Quinn me lanzó una amplia y satisfecha sonrisa. Se inclinó para echarse al suelo. Supe lo que vendría a continuación. El aire alrededor de Quinn empezó a brillar y a temblar, y, rodeado de esa atmósfera, comenzó a cambiar. Los músculos se desgranaron, se estiraron y se transformaron, los huesos cambiaron y el pelaje emergió de su interior, aunque sabía que eso no era posible, que era una ilusión. El sonido que lo acompañó todo era terrible. Era como si alguien chapoteara en fluidos densos, pero con huesos sólidos en la mezcla, como si alguien removiera un cuenco lleno de pegamento, piedras y huesos.

Cuando terminó, tuve delante a un tigre.

Si Quinn era un hombre de indecible atractivo cuando estaba desnudo, era un tigre igualmente impresionante y bello. Su pelaje era de un intenso naranja salpicado de rayas negras, con toques de blanco en la panza y la cara. Tenía los ojos sesgados y dorados. Mediría más de dos metros de largo y casi uno de alto en la cruz. Me maravillaba lo grande que era. Tenía las zarpas completamente desplegadas y eran tan grandes como platos. Sus orejas redondeadas eran sencillamente monísimas. Caminó hacia mí silenciosamente, con una gracia atípica de esas dimensiones. Frotó su enorme cabeza contra mí, logrando casi tirarme al suelo, y ronroneó. Parecía un contador Geiger en pleno yacimiento radiactivo.

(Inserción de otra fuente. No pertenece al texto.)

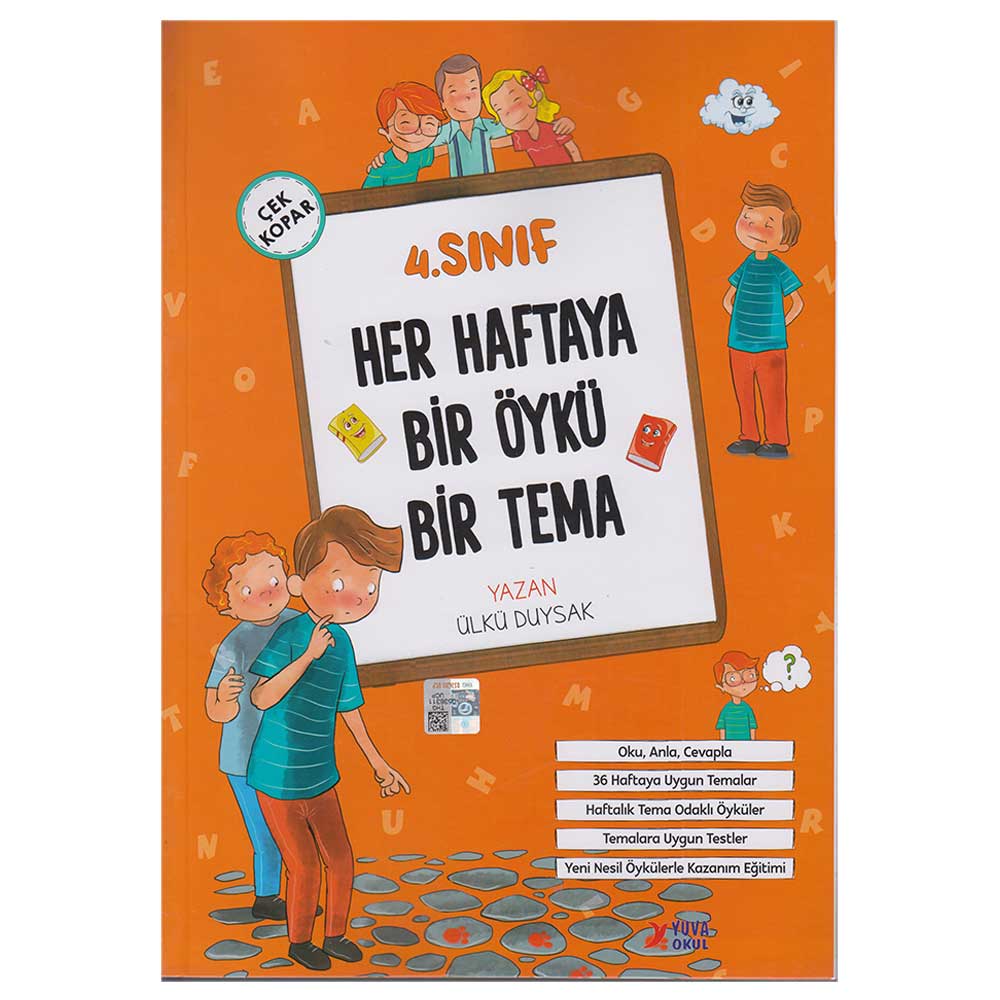 YUVA / 4.SINIF HER HAFTAYA BİR ÖYKÜ BİR TEMA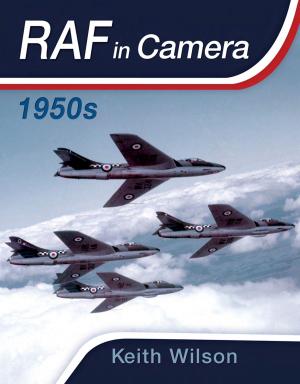 Cover of the book RAF in Camera: 1950s by James Henderson III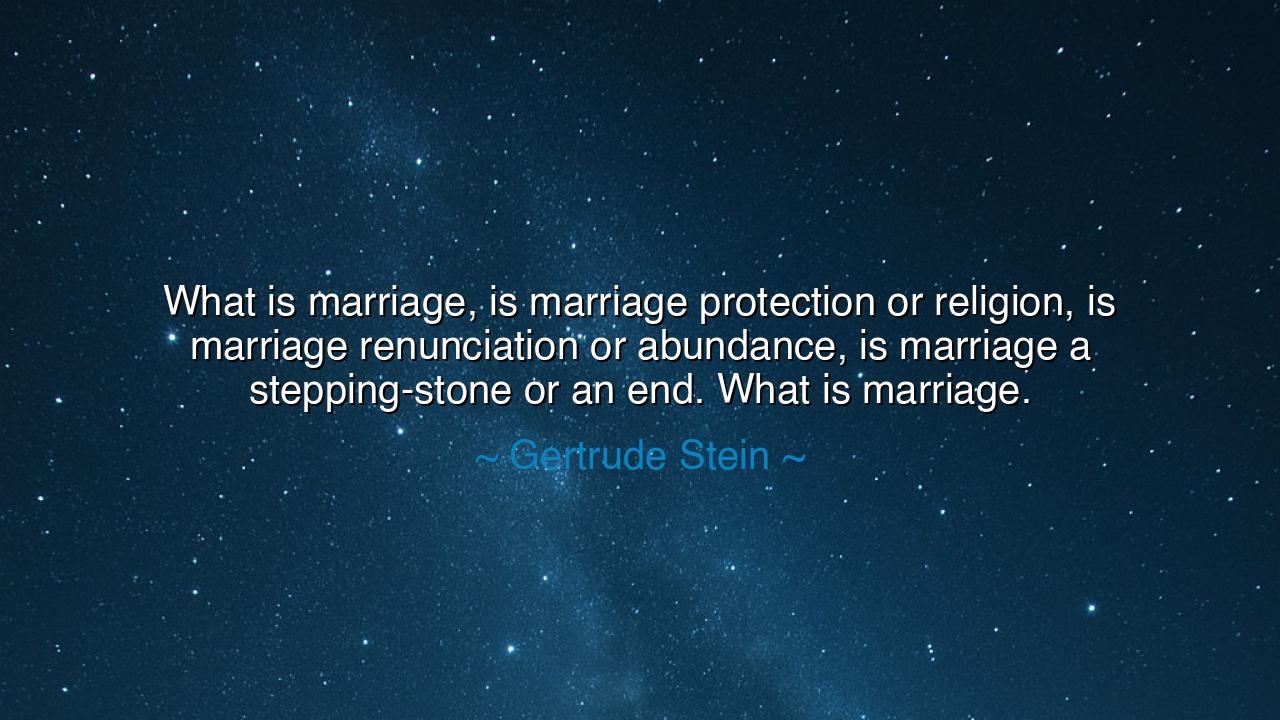 What is marriage, is marriage protection or religion, is marriage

Su denso pelaje resultaba aceitoso al tacto, así que imaginé que estaría bien protegido contra la humedad. Lanzó un bufido, y el pantano se sumió en el silencio. Nadie diría que la vida animal de Luisiana reconocería el sonido de un tigre, ¿verdad? Pero así fue, y todo bicho se calló y se escondió.

No solemos tener los mismos requisitos de espacio con los animales que tenemos con los humanos. Me arrodillé junto al tigre que había sido Quinn, le rodeé el cuello con los brazos y lo abracé. Resultaba un poco perturbador que oliese tanto a tigre de verdad, así que me obligué a aceptarlo, a pensar que Quinn estaba dentro de ese tigre. Y nos dispusimos a salir del pantano.

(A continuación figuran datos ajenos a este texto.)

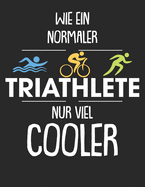 Mein Triathlontagebuch: Trainingstagebuch fr alle Triathleten &#9830; Laufen, Schwimmen, Radfahren &#9830; Logbuch fr ber 300 Eintrge &#9830; grozgiges A4+ Format &#9830; Motiv: Cooler als normal 5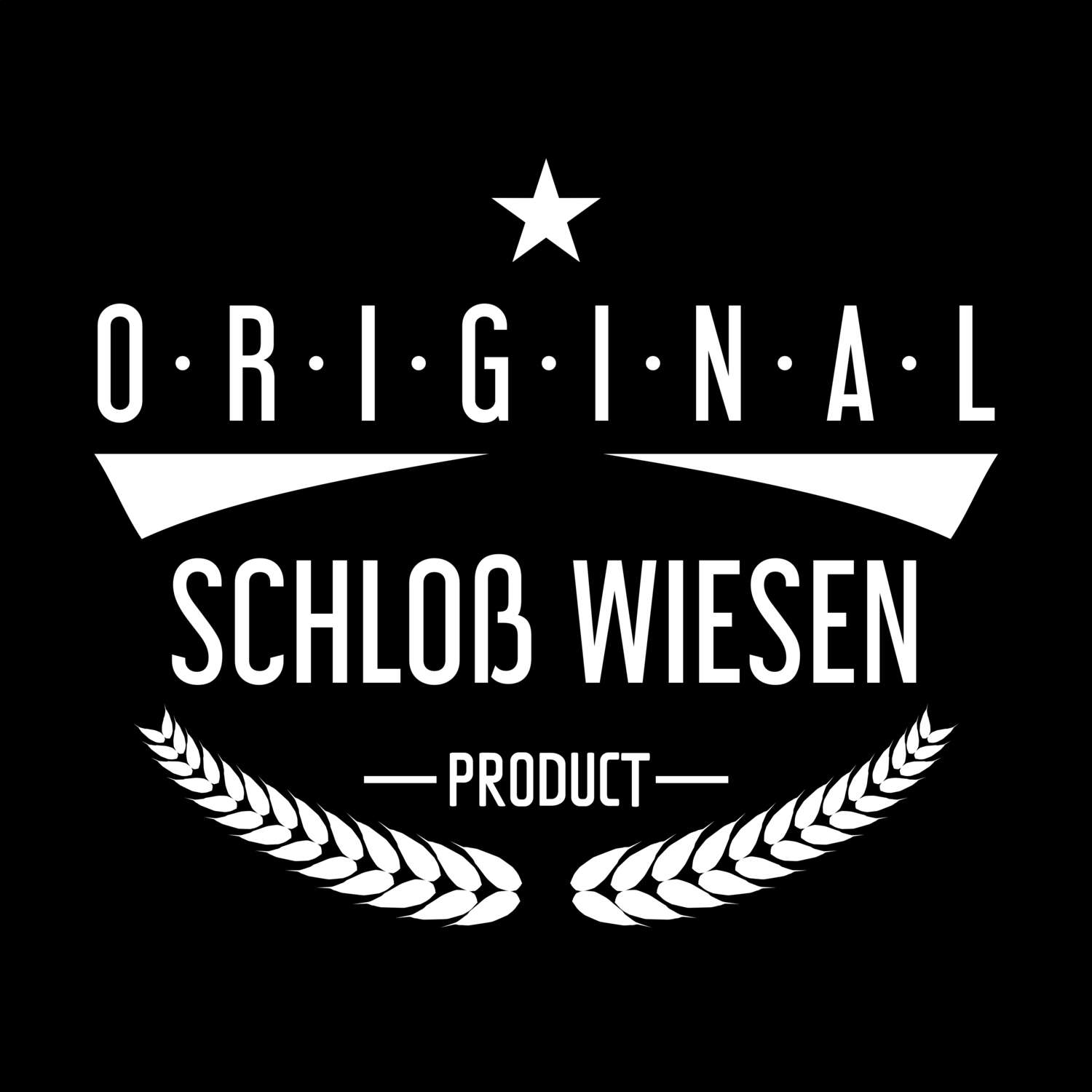 T-Shirt »Original Product« für den Ort »Schloß Wiesen«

Era asombroso ver cómo el tigre marcaba su nuevo territorio (no es algo que una espere ver hacer a su novio), pero concluí que sería ridículo molestarse por ello. Además, ya tenía bastante en lo que pensar con seguir el paso del tigre. Mientras él buscaba rastros de olor, cubrimos mucho terreno. Cada vez estaba más cansada. Mi sentido del asombro se fue desvaneciendo, para quedarme la única certeza de que estaba sencillamente mojada, helada, hambrienta y cabreada. Si hubiese tenido a alguien meditando justo a mis pies, no sé si mi mente habría captado los pensamientos.

Entonces, el tigre se quedó quieto como una estatua, husmeando el aire. Su cabeza se movió, sus orejas se crisparon, palpando en una dirección concreta. Se volvió para mirarme. Aunque los tigres no pueden sonreír, percibí una oleada de triunfo desde el gran felino. El tigre volvió la cabeza hacia el este, volvió a mirarme, y, de nuevo, encaró el este. Era un «sígueme» más claro que el agua.

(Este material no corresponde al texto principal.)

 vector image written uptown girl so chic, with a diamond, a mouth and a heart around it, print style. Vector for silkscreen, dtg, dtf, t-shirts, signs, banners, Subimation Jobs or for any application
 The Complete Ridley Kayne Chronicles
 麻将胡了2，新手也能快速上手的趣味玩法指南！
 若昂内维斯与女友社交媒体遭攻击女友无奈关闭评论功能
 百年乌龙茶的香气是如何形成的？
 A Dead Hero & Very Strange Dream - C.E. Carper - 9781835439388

—Vale —dije, y le puse la mano en el lomo.

Nos pusimos en marcha. El viaje por el pantano duró una eternidad, aunque más tarde calculé que «eternidad», en este caso, resultó ser alrededor de media hora. Poco a poco, el terreno se fue haciendo más sólido. Por fin nos encontrábamos en un bosque, y no en un cenagal.

Supuse que habíamos llegado cerca de donde querían ir los secuestradores cuando la furgoneta cogió el camino a la derecha. No me equivocaba. Cuando llegamos al linde del claro que rodeaba la pequeña casa, nos encontrábamos al este de ésta, que estaba orientada hacia el norte. Podíamos ver los jardines delantero y trasero. La furgoneta donde nos habían llevado estaba aparcada en la parte de atrás. En el pequeño claro había un coche, un sedán GMC.

La propia casa era como cualquier otra de la América rural. Era cuadrada, de madera, pintada en tono oscuro, con contraventanas verdes y columnas del mismo color para soportar el tejado sobre el diminuto porche. Los dos de la furgoneta, Clete y George, estaban apiñados en el exiguo cobijo, por inadecuado que fuera.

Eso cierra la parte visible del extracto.